Technical communicators are expert in many areas of communication. They ensure that their work meets the needs of their users and of their company; that their work is intricately connected with their company’s overall corporate goals. Technical communicators embrace a wide array of often disparate information, and apply their expertise and knowledge of effective communication methods. Ultimately, they add a tremendous amount of value to a project. In a word, they work strategically.
A wide and varied array of skills. Technical communicators bring a depth, breadth, and encompassing set of competencies to effectively communicate technical information. They:
- Analyze information at a high-level.
- Understand the range of technical information.
- Possess strong research skills.
- Understand and apply tools and technology.
- Apply standards and facilitate processes.
- Design user interfaces for ease of use.
- Create testing scenarios for products, services, and documentation.
- Design the deliverable format of any communication.
- Thoroughly know the industry.
- Deliver technical communication in various media, including paper, video and film, audio, and the Internet.
- Ensure that products and services are usable by the intended audience.
- Pave a path through the labyrinth of technical intricacies to attain comprehension.
- Identify the needs of their audience, and ensure their audience can act quickly and appropriately.
- Write superbly, using appropriate language, diction, and style.
- Inform, instruct, and persuade through a wide array of communication vehicles including (but certainly not limited to) user guides, online help, functional specifications, policies and procedures, Web sites, scripts, training materials, white papers, marketing and sales materials, reports, proposals, statements of work, wikis, and blogs.
An all-encompassing grasp.

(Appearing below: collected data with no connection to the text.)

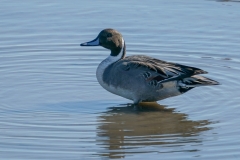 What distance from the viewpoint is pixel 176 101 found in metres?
9.90

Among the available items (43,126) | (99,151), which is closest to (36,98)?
(43,126)

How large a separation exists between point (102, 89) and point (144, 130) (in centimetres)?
193

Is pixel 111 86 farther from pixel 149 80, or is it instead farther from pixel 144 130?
pixel 144 130

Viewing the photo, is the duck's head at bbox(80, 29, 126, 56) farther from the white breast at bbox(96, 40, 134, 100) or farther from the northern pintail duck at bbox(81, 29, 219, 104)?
the northern pintail duck at bbox(81, 29, 219, 104)

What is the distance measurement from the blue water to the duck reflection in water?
12 mm

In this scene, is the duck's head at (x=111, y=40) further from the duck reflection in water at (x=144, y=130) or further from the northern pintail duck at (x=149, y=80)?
the duck reflection in water at (x=144, y=130)

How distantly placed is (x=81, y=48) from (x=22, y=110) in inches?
124

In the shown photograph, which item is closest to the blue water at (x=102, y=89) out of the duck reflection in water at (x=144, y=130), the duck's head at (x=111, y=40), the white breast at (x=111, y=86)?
the duck reflection in water at (x=144, y=130)

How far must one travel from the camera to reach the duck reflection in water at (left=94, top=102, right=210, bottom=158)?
7.83 meters

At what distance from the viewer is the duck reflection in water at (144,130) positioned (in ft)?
Result: 25.7

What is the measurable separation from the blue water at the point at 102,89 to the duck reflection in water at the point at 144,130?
1 cm

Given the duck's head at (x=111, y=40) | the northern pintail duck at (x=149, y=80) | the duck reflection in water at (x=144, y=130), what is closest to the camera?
the duck reflection in water at (x=144, y=130)

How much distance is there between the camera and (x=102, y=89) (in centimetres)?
1040

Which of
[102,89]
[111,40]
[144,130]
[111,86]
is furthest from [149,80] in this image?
[144,130] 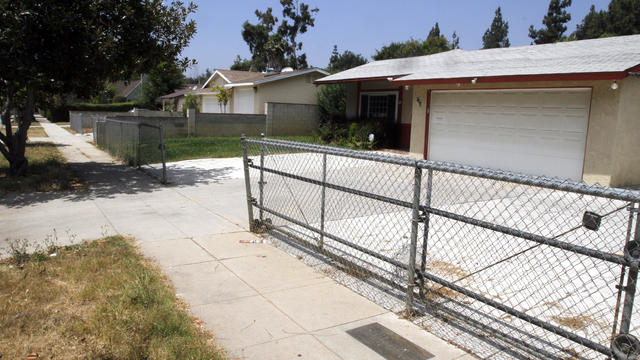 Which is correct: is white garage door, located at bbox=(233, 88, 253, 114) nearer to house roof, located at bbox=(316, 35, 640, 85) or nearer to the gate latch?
house roof, located at bbox=(316, 35, 640, 85)

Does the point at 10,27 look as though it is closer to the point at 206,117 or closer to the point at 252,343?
the point at 252,343

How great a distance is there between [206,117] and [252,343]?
20798mm

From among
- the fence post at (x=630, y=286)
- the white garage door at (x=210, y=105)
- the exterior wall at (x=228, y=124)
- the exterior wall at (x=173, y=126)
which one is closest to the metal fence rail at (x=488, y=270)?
the fence post at (x=630, y=286)

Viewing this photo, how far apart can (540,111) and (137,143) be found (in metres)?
11.1

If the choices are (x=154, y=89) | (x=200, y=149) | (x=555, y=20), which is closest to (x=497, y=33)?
(x=555, y=20)

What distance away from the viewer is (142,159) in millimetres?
12992

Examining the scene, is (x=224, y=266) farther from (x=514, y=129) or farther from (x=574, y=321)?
(x=514, y=129)

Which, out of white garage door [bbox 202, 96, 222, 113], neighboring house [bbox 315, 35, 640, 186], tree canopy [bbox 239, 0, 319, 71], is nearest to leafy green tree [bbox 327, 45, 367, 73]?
tree canopy [bbox 239, 0, 319, 71]

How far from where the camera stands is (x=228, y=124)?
78.6 ft

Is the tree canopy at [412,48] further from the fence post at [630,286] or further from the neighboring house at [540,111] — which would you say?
the fence post at [630,286]

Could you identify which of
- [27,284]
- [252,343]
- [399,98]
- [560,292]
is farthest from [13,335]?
[399,98]

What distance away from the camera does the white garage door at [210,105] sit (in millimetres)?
34594

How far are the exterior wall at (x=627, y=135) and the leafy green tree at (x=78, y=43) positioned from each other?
10.7 metres

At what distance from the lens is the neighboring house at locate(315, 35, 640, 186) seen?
416 inches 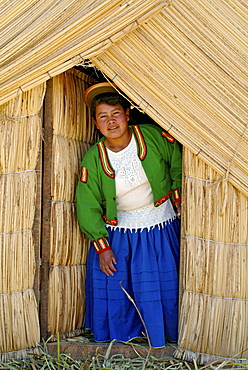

Technical communicators know and work with all functional areas in an enterprise. They interact with technical development to understand how a product works, and then interpret this information to explain how to use the product. They interact with marketing to translate arcane technical information into clear language to explain features and benefits that can be used to sell a product.
Technical communicators are often the only people in an organization who know how something works, how to use it, and what benefits it provides: an all-encompassing grasp. They ensure products and services are usable and meet expectations. In the end, technical communicators secure customer satisfaction.